And one of them is bug 1350337, which is used to break the direct connection between the objects and the WorkerPrivate and make the connection be easily handled in WorkerGlobalScope only.

Flags: needinfo?(echuang)
Blocks: 1804241
Pushed by evilpies@gmail.com:
https://hg.mozilla.org/integration/autoland/rev/68ca2f48ea95
Implement async iteration of ReadableStream. r=mgaudet,peterv
Flags: needinfo?(evilpies)

Looks like there is an actual leak somewhere, fixing that might also resolve the Worker issue. I suspect this might be an implementation issue of the Iterator code. As far as I can tell we correctly trace the IteratorData and IteratorReadRequest.

Flags: needinfo?(peterv)

Leak fix is in bug 1806647.

Flags: needinfo?(peterv)

Very cool, thanks Peter. I am optimistic that this also fixed the Worker issues.

Pushed by evilpies@gmail.com:
https://hg.mozilla.org/integration/autoland/rev/19547ae8dc19
Implement async iteration of ReadableStream. r=mgaudet,peterv
Status: NEW → RESOLVED
Closed: 1 year ago
Resolution: --- → FIXED
Target Milestone: --- → 110 Branch
Keywords: dev-doc-needed

Tracking issue for MDN work https://github.com/mdn/content/issues/23678

I'm looking at this for the MDN documentation.

Reading a stream looks pretty straightforward; you get a stream and read it in chunks using for await (const chunk of mystream) {}:

let bytes = 0;
logChunks(mystream);
async function logChunks(readableXX) {
  for await (const chunk of readableXX) {
    bytes+=chunk.length;
    logConsumer( `Chunk: ${chunk}. Read ${bytes} characters.`);
  }
}
  1. What is the "right way" to cancel a stream read during async iteration from a button press?

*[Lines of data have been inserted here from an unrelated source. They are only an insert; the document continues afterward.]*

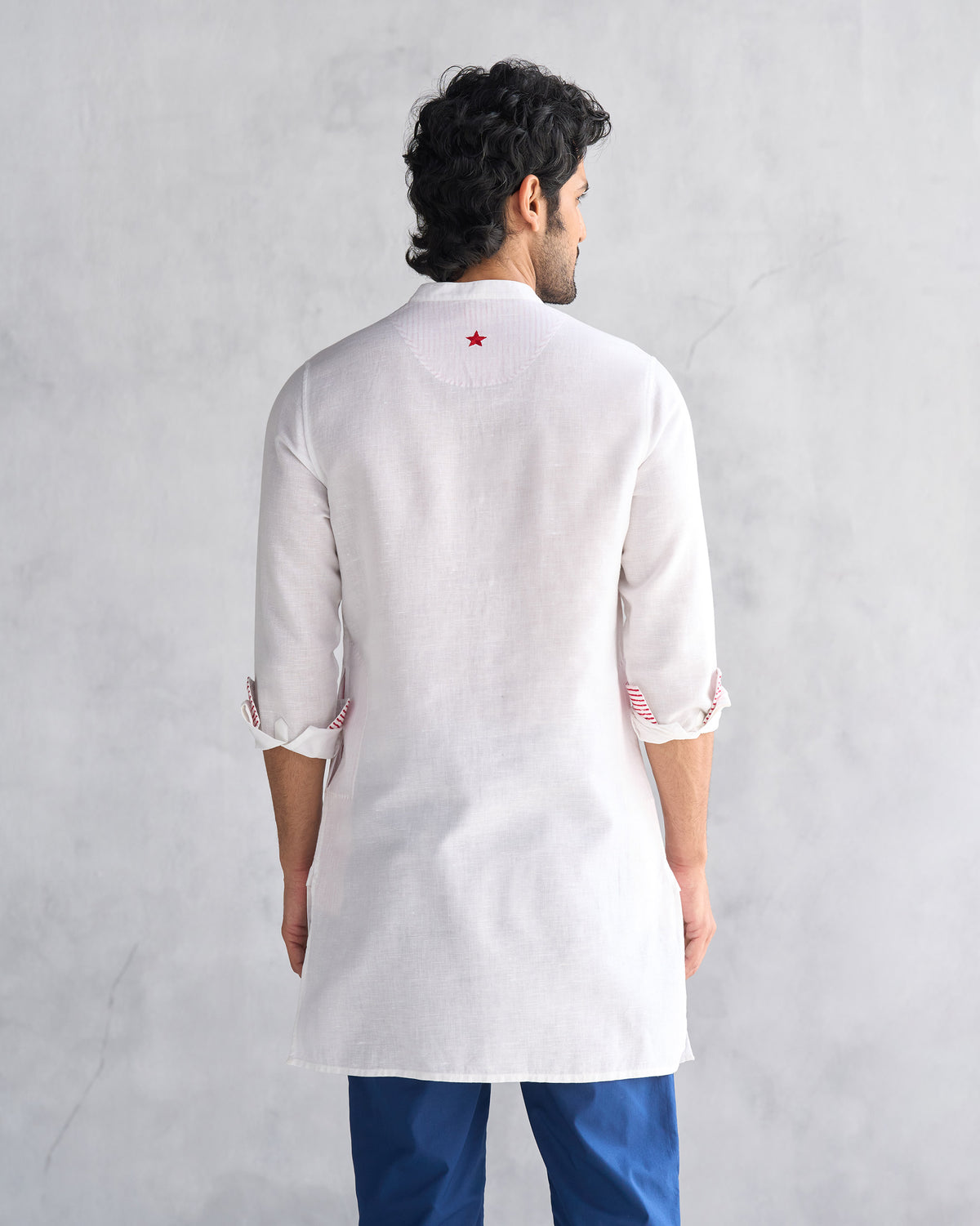 Back of a white Chandni Chowk kurta with a red embroidered star.
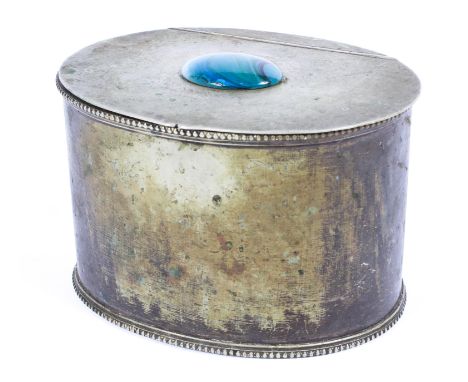 A white metal Arts and Crafts style oval tea caddy, the lid mounted with an oval blue glass marbled cabochon, with beeded bor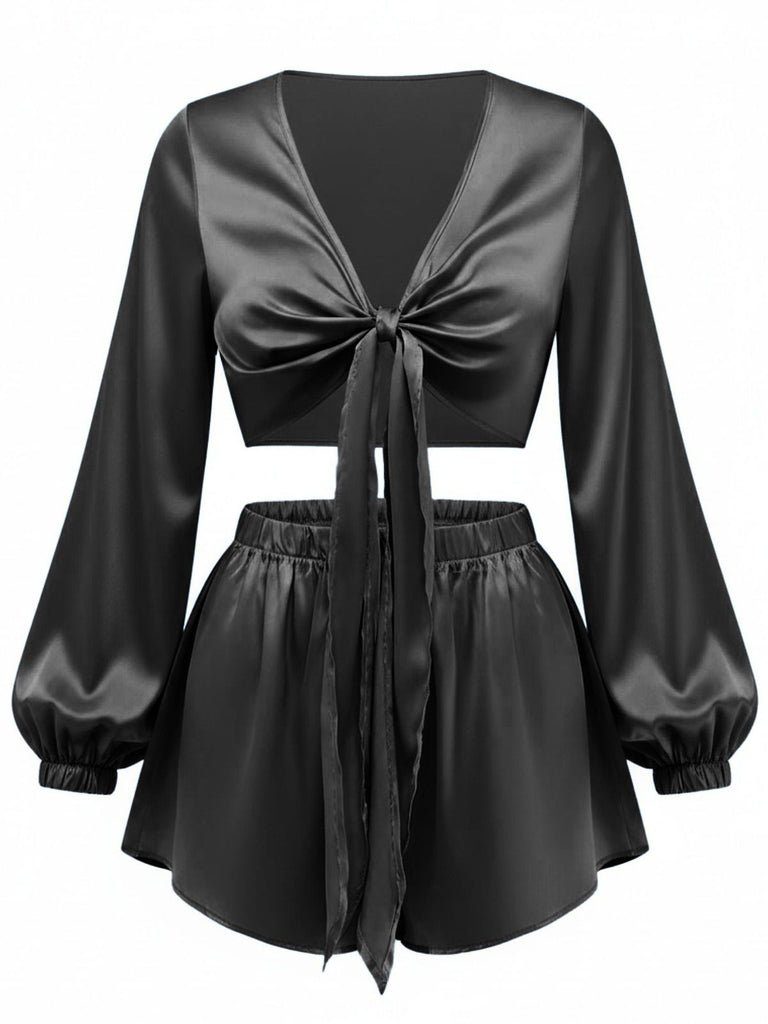 Das zweiteilige Set aus seidigem Satin mit Bindebändern vorne ist in klassischem Schwarz gehalten und sorgt für einen eleganten Lounge-Look.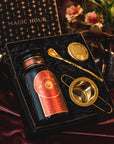 A Season of Abundance Gift Set contains a black tea canister with a celestial design labeled "Magic Hour," a gold tea infuser, and a golden teaspoon. The set is adorned with flowers and includes loose leaf organic tea, all beautifully presented in a matching themed box featuring stars and "Magic Hour" text.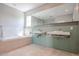 Bright bathroom featuring double sinks, a soaking tub, tile flooring, and a large window providing natural light at 1731 E Evans Dr, Phoenix, AZ 85022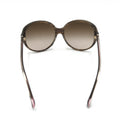 Lunettes de soleil oversize Chanel à dégradé brun, avec monture élégante et design moderne.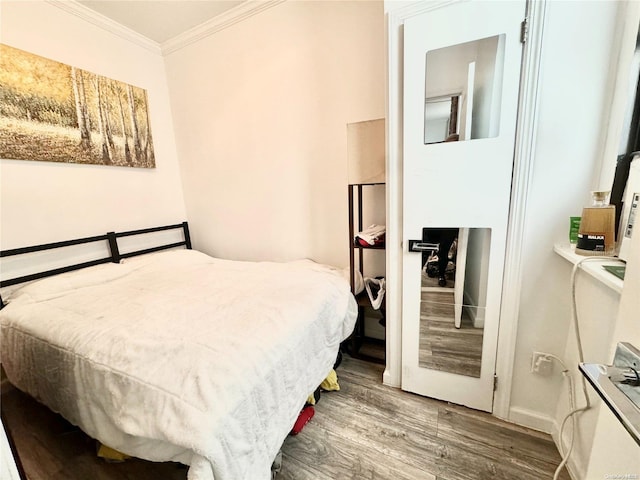 bedroom with wood-type flooring and ornamental molding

    If you're writing your own underlying source then you can add a listener that closes the stream on button click using controller.close().

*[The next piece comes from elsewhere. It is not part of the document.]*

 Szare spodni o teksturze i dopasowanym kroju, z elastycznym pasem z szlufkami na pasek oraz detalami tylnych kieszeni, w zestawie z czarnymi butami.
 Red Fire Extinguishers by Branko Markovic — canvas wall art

    return new ReadableStream({
        start(controller) {
        button.addEventListener('click', () => {
          controller.close();
          });
        readRepeatedly().catch((e) => controller.error(e));
        ...
    

    But if you're using fetch() you have no control over the underlying source - you get a ReadableStream back from the response.

    • you can't call cancel on the stream because it is locked to the default reader, for which you don't have a handle (since you're working direct with the readablestream).
    • You could set a boolean in the event handler, then in the for loop you could use it to return, cancelling the operation. But this would have to await at least one more chunk, which could in theory take some time to arrive.
  • What is the "general recommendation"?
  1. Similarly, how are you supposed to handle errors from the source - e.g. a TypeError or a network error or something? I tried putting try/catch around the logChunks() above and various other places but I don't seem to be able to catch them. Using the reader I could have looked at the promised returned by closed, but again, I don't have that.

  2. What is the recommended way to handle the case of a browser that does not support this feature? Is there a polyfill that we should point users to?

  3. Tracking bugs seem to indicate this is not yet in Safari or Chrome. Do you happen to know if Deno/NodeJS support this, and if so, whether it is compatible to the streams spec?

Flags: needinfo?(evilpies)

I am probably not the best person to answer some of these questions. I suggest you ask the spec authors directly: https://github.com/whatwg/streams/issues.

  1. I don't know how the "proper" way to cancel a stream during iteration. As you said there would be a delay until the next chunk is read.
  2. Putting a try..catch around the for..of loop should work.
  3. I think it would be possible to write a polyfill for this, but I don't know of any.
  4. I don't know.
Flags: needinfo?(evilpies)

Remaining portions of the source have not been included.